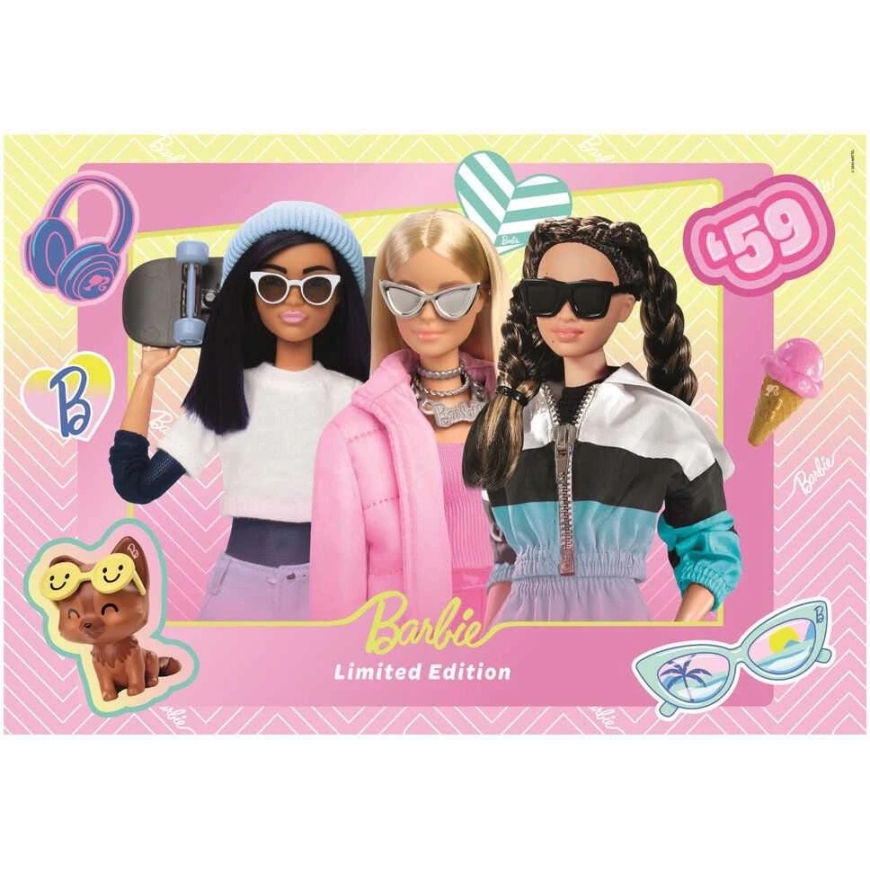 Clementoni Dėlionė 104 vnt. - Barbie – 3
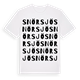 Snörsjö ordlek t-shirt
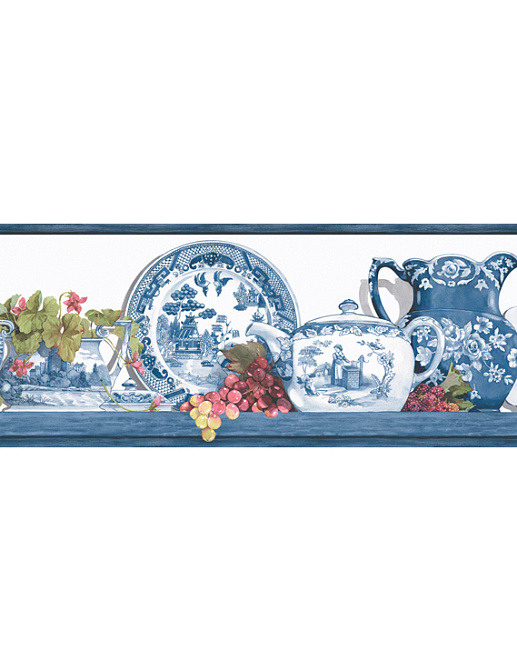 Бордюр Blue Mountain Borders BC1583995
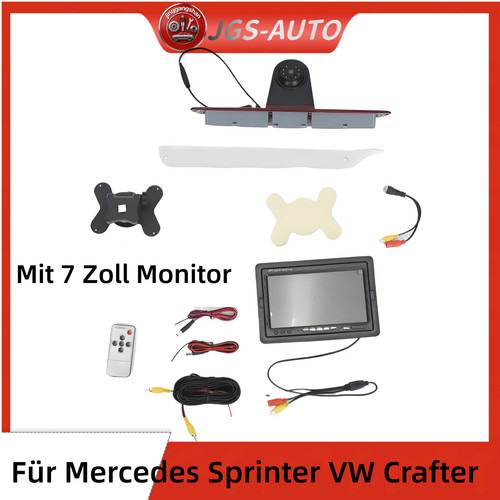 Zoll monitor rückfahrkamera - 7,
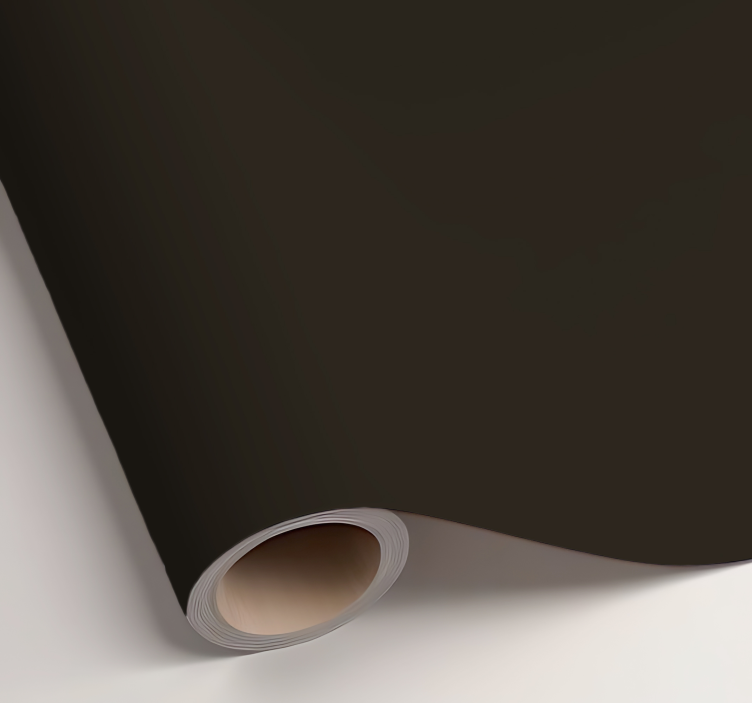 Pellicola adesiva - Marrone scuro opaco - TenStickers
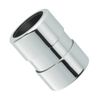 McAlpine 35mm Chrome Plated Brass Compression Straight Connector 35G-CB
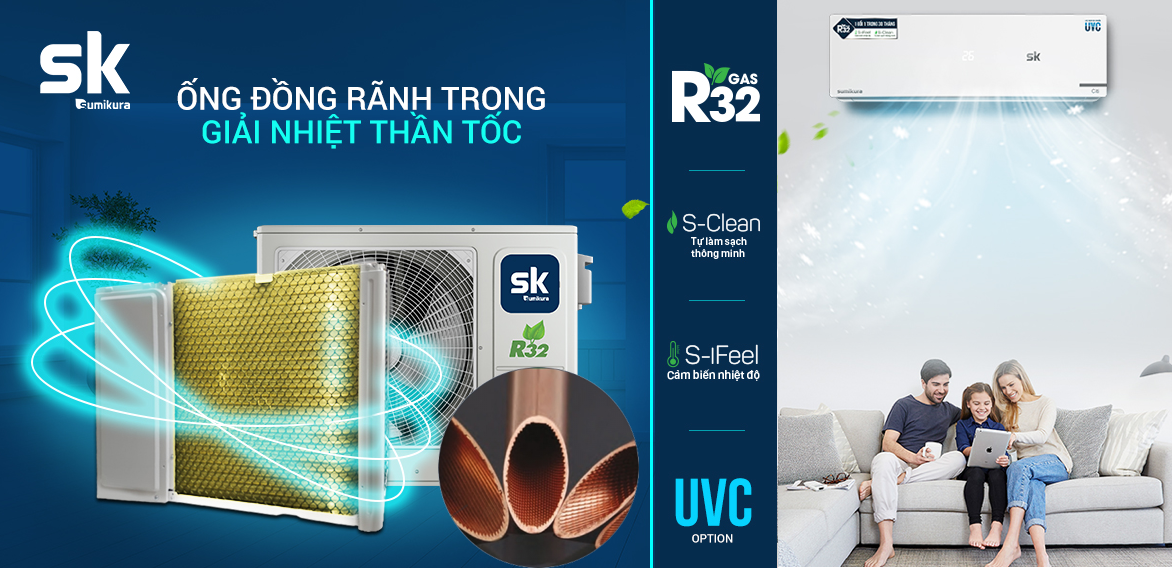 thiết kế ống đồng Grooved 1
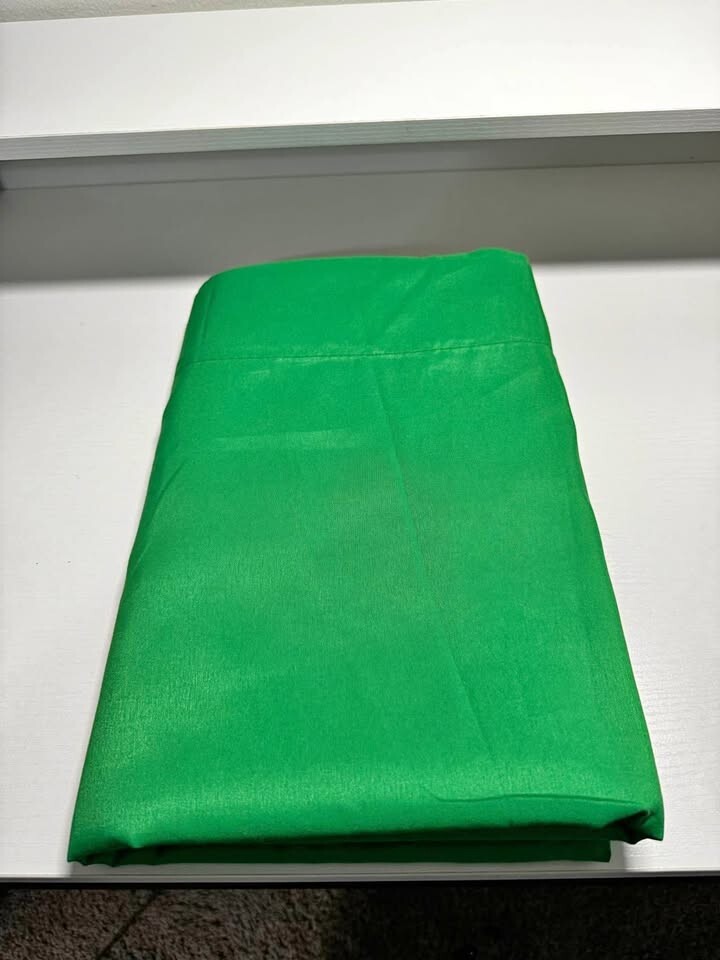10X12ft Green Screen Backdrop for Photography Chromakey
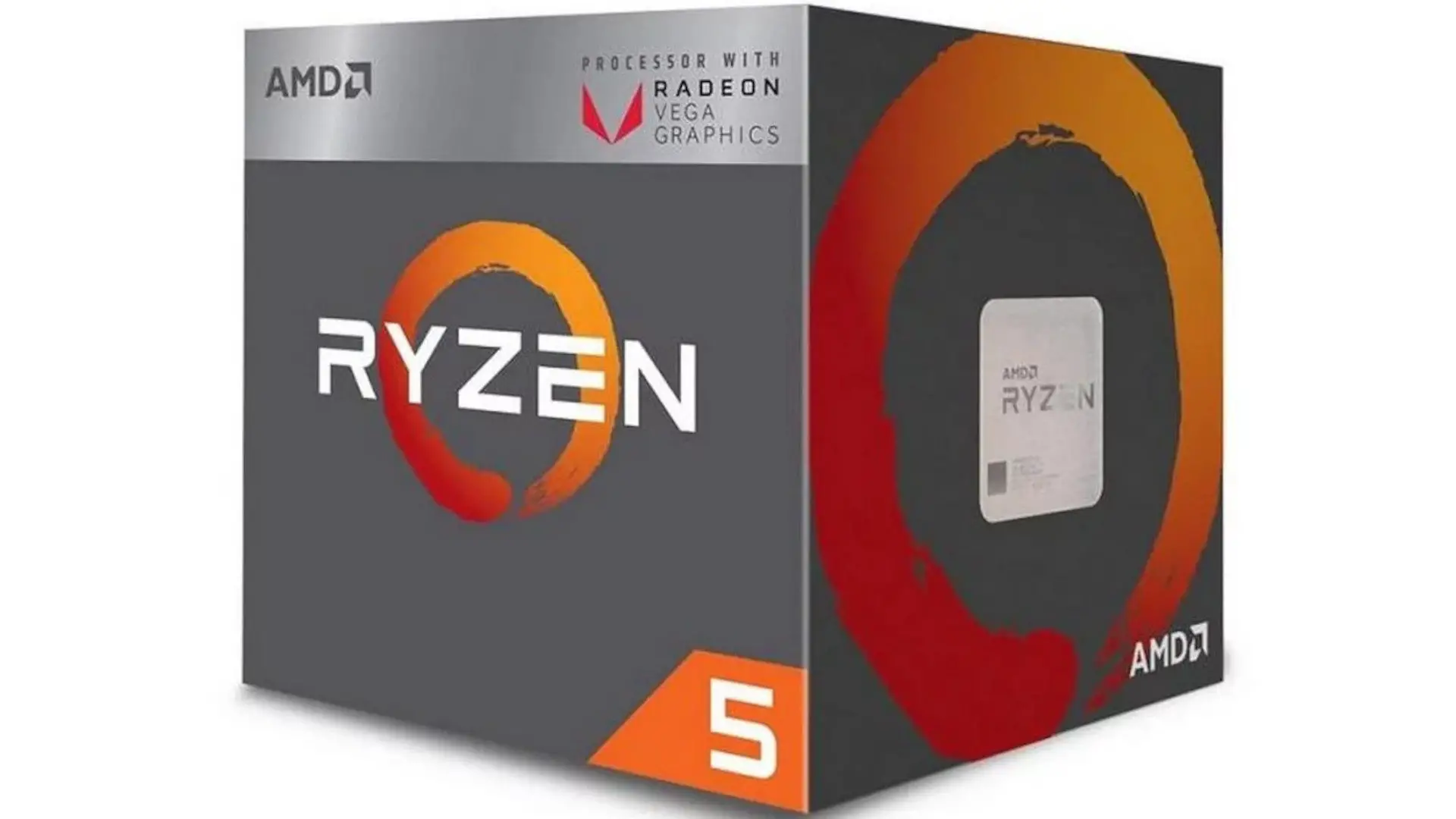 AMD Ryzen 5 3400G 2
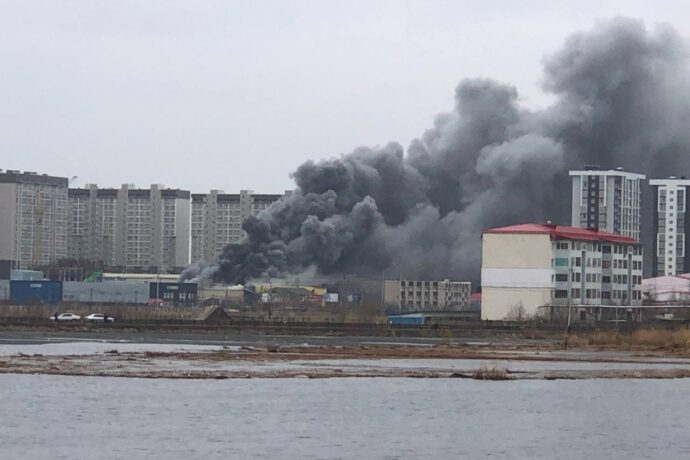 Дьокуускайга Михаил Николаев аатынан проспекка баһаар буолла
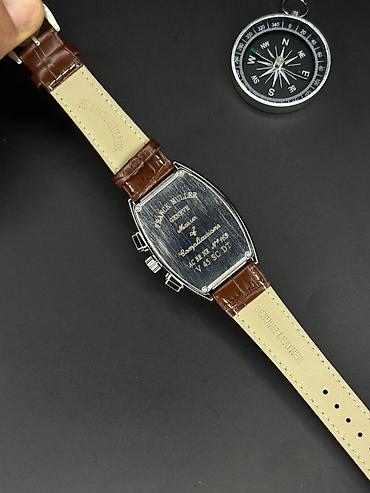 Наручные часы: Новый, Наручные часы, Frank Muller, цвет - Серебристый — 3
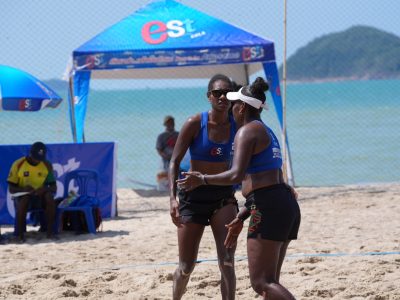 Match 45 - Women - Court 3 - 14:00 - Toko/Lawac (VAN) vs YU T./QI S.Y. (CHN)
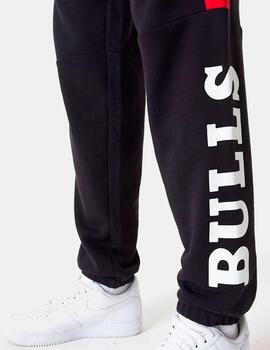 Pantalón NEW ERA COLOUR BLOCK CHICAGO BULLS - Black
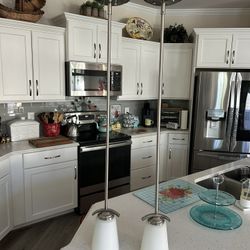 Kitchen Pendant lights (2)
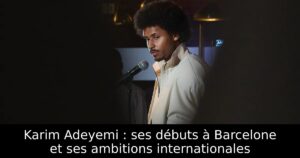 Karim Adeyemi : ses débuts à Barcelone et ses ambitions internationales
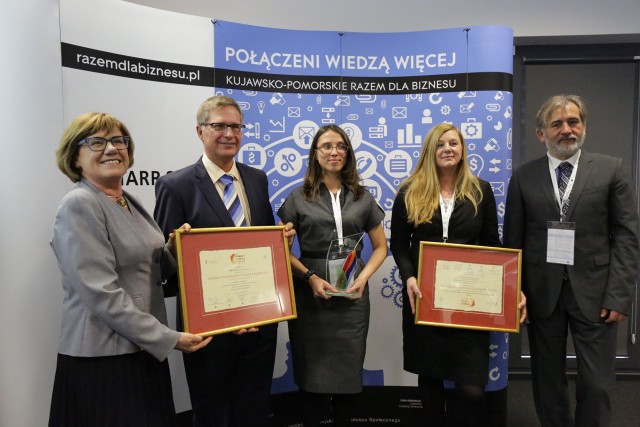 Liderzy Innowacji Pomorza i Kujaw 2013: AM2M, Optiguard i Huta Szkła TurOto laureaci konkursu "Liderzy Innowacji Pomorza i Kujaw 2013"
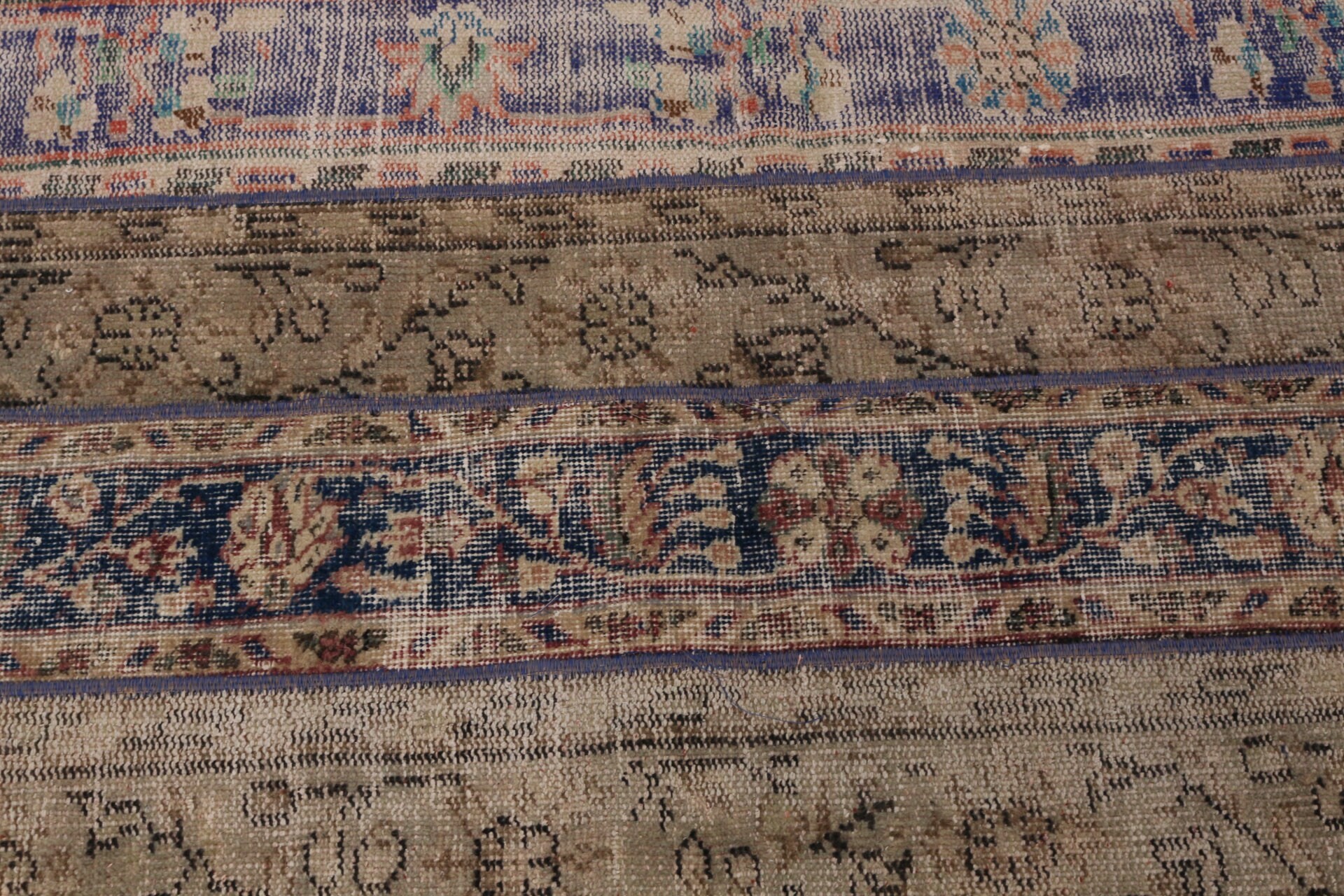 Turkish Rug, 2.9x8.7 ft Runner Rug, Brown Anatolian Rug, Stair Rug, Rugs for Hallway, Antique Rug, Hallway Rug, Floor Rug, Vintage Rug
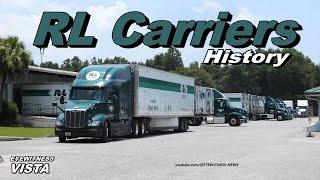 RL Carriers Company History | Green Curb Sniffer Peterbilt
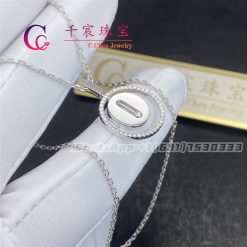 Messika Lucky Move SM White Gold For Her Diamond Necklace 07396-WG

WHAT YOU WILL DO » Nothing but the lines above from the one that has "McAlpine 35mm Chrome" down to the one that has "Karim Adeyemi : ses" belongs in the answer, copied exactly, without pictures.

COMPLETED EXERCISE »
 McAlpine 35mm Chrome Plated Brass Compression Straight Connector 35G-CB
 thiết kế ống đồng Grooved 1
10X12ft Green Screen Backdrop for Photography Chromakey
 AMD Ryzen 5 3400G 2
 Дьокуускайга Михаил Николаев аатынан проспекка баһаар буолла
 Наручные часы: Новый, Наручные часы, Frank Muller, цвет - Серебристый — 3
 Match 45 - Women - Court 3 - 14:00 - Toko/Lawac (VAN) vs YU T./QI S.Y. (CHN)
 Pantalón NEW ERA COLOUR BLOCK CHICAGO BULLS - Black
 Kitchen Pendant lights (2)
 Karim Adeyemi : ses débuts à Barcelone et ses ambitions internationales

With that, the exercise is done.